Les deux seules versions enregistrées connues
Voici la version enregistrée par Pierre Chapuis, au début des années 1980, auprès de madame Januel de Saint-Julien-Chapteuil en Haute-Loire. Nous avons indiqué plus bas les "trous" ou couplets manquants par le signe : [...].
Transcription (par Didier Perre) :
1 - Èran tres femnas vèlhas e là (bis)
Poian pus caminar laderi ton laderi tanla
Poian pus caminar laderi ton ladelalà
2 - Anèran vès mon mèstre
D’mandèran t-a coijar
[...]
3 - Sortiguèran defòra
Se botèran t-a fiular
[...]
4 - La sarventa plus fina
La pòrta ne’n fermar
5 - Ò bada-nos sarventa
N’èram mas anat pissar
[...]
6 - N’èra mas ma sarventa
Ne’n serà ma filhaa
Traduction :
1 - Ce sont trois vieilles femmes
Elles ne pouvaient plus marcher
2 - Elles allèrent chez mon maître
Elles demandèrent à coucher
[...]
3 - Elles sortirent dehors
Elles se mirent à siffler
[...]
4 - La servante plus maligne
La porte a refermé
5 - Oh ouvre-nous servante
Nous étions juste allées pisser
[...]
6 - Elle ne sera plus ma servante
Elle en sera ma bru
Voici l'autre version enregistrée auprès de Marie Brun, dentellière à la Pénide de Saint-Hostien, le 9 août 1960, par Jean Dumas.
Transcription (par Eric Desgrugillers) :
1-Ne’n sem tres velhas femnas elà (bis)
Podem pas caminar dri ti ti dri ti tan là
Podem pas caminar (1)
2-Ò mestre mon bon mestre…
E nos coijaiatz pas ?…
3-Si farai ben mas femnas…
‘netz mas de vos sacar…
4-N’apèla sa serventa…
E mena las coijar…
5-La serventa plus fina…
N’a regardat plus naut…
6-N’a vegut bralhas rojas…
Un pistòvet charjat…
7-Ò mestre mon bon mestre…
Nos serem afinats…
8-Cresant d’aver lojat de femnas…
Avem lojat sodards…
9-Ò mestre mon bon mestre…
Mes nos coijarem pas…
10-Quand vinguèt vès v-onze oras…
Tots tres se son levats…
Traduction :
1 - Ce sont trois vieilles femmes / Elles ne pouvaient pas marcher
2 - Oh maître mon bon maître / Et nous feriez-vous pas coucher ?

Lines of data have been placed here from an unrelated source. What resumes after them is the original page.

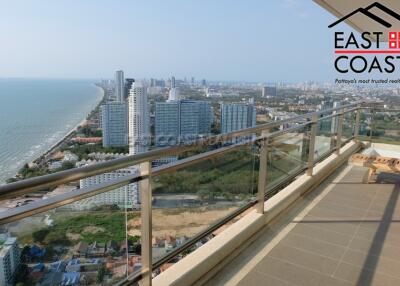 Reflection Condo for rent in Jomtien, Pattaya. RC12543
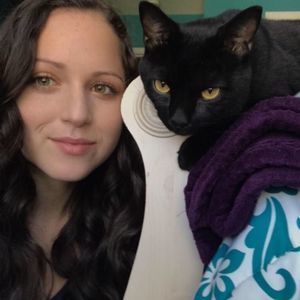 Meet your Posher, Megan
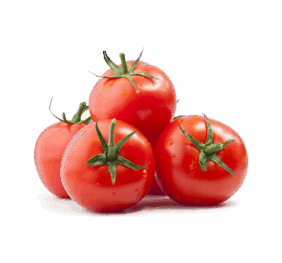 Vegan Fresh Tomato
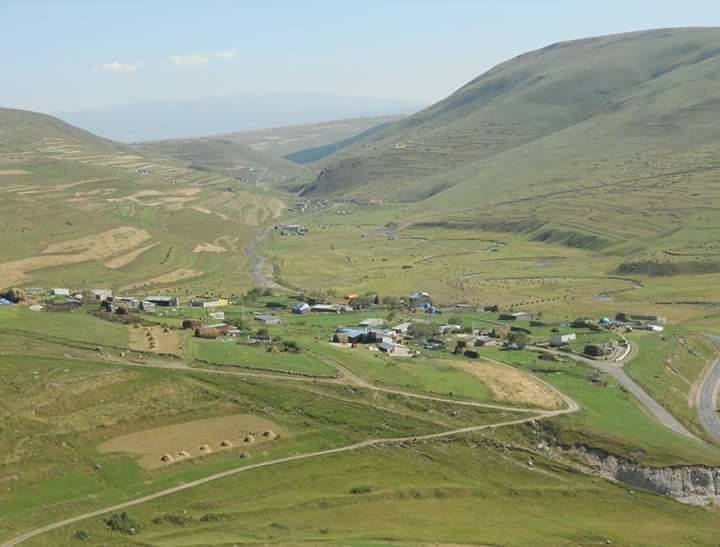 Damal Seyitören Köyü Resimleri 3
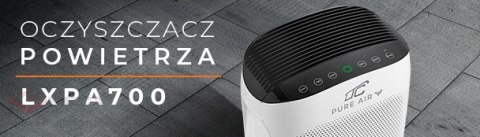 Oczyszczacz powietrza LTC Pure Air PA700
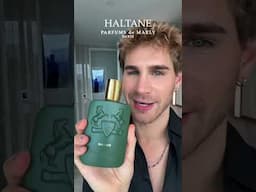 Fragrance has no gender, just vibes 😍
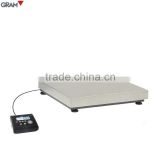 K3-60P LCD Display Digital Weighing Scales with Stainless Steel Platform
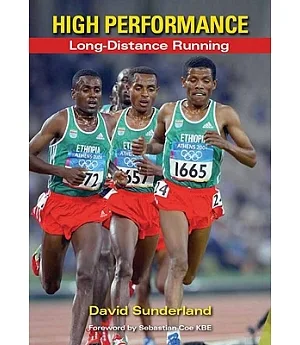 High Performance Long-Distance Running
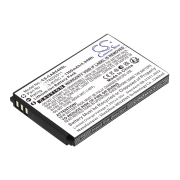 Battery compatibleWith CAT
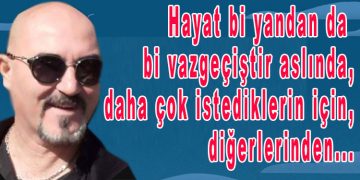 Orhan’dan…dan…dan…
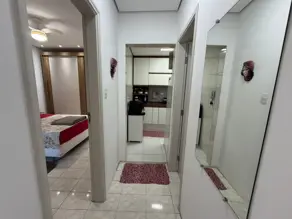 Imagem 5 - Apartamento em José Menino, Santos - SP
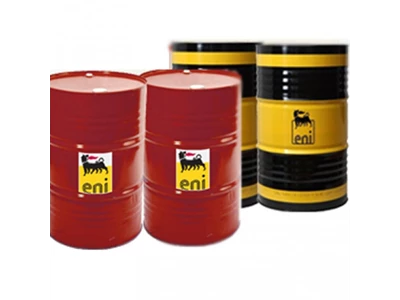 AGIP SIGMA TURBO PLUS 15W-40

3 - Si je le ferai bien mes femmes / Allez rentrez donc
4 - Appelle sa servante / Amène-les se coucher
5 - La servante plus maligne / A regardé plus haut (mieux?)
6 - A vu des pantalons rouges / Un pistolet chargé
7 - Oh maître mon bon maître / Nous nous serions faits avoir
8 - Croyant d’avoir héberger des femmes / Nous avons hébergé des soldats
9 - Oh maître mon bon maître / Mais nous coucherons pas
10 - Quand il fut près de onze heures / Tous trois se sont levés.

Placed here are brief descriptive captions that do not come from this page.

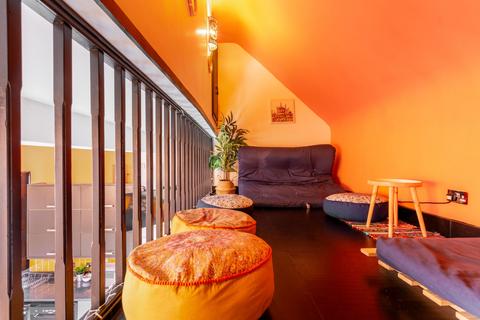 5 bedroom terraced house to rent, George Street, Brighton, BN2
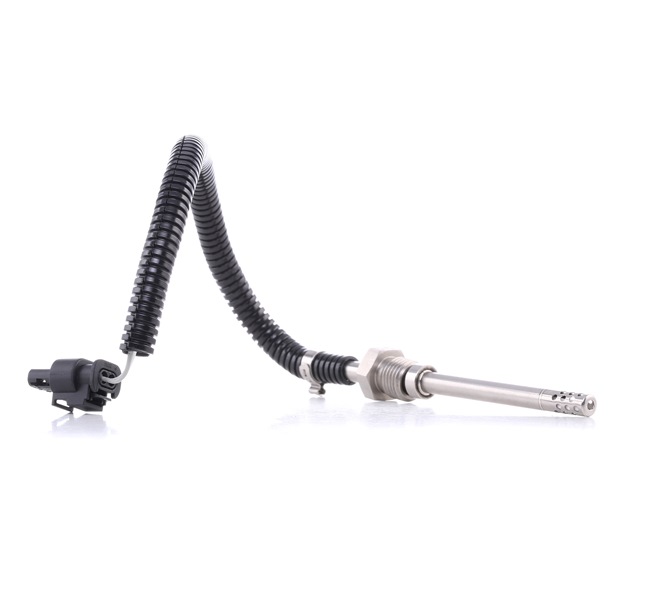 Compre Sensor, temp. gas escape de RIDEX online para Clase C Coupé (C204) a precios moderados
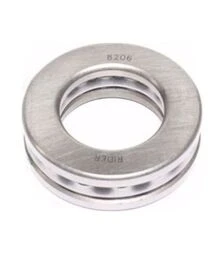 Подшипник Rider 8206 (51206) вал рулевого механизма Т-150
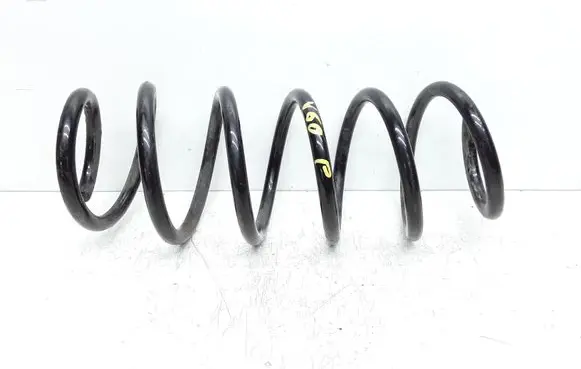 Volvo V60 Front coil spring 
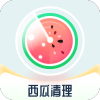 西瓜清理大师app轻松版下载-西瓜清理软件app一键加速版v1.0 手机版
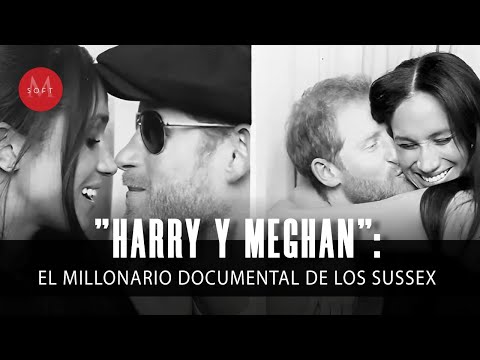 'Harry y Meghan':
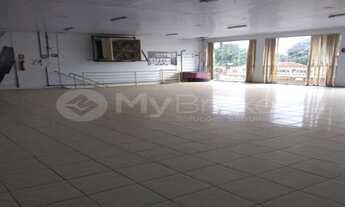 Imagem 2: Galpão/Depósito/Armazém para aluguel possui 520 metros quadrados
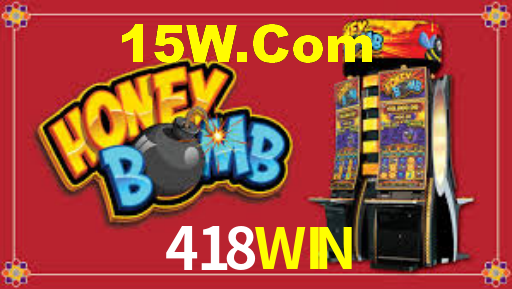Sinta a adrenalina dos jogos de cassino com 418WIN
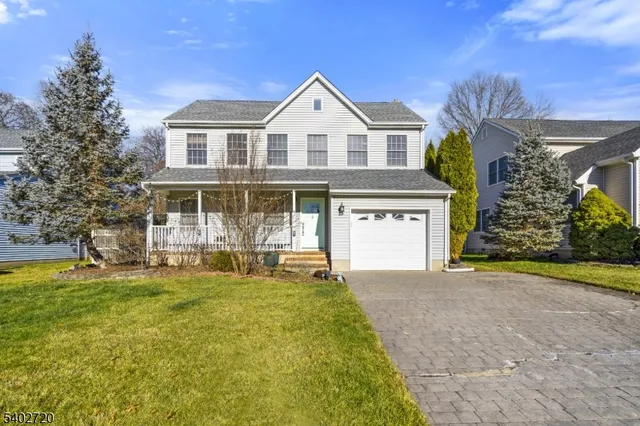 $3,900 | 6 Hoagland Court, Bridgewater, NJ 08807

Dans les deux cas, s'il l'on s'en tient au texte, l'histoire est étrange. Il manque des morceaux dans la première version, et une fin dans la seconde. Nous vous proposons, à titre expérimental, une reconstitution de l'histoire presque en entier à partir de ces deux versions qui se complètent très bien. Il reste cependant un trou avant le dernier couplet.
v1-1 - Èran tres femnas vèlhas e là (bis)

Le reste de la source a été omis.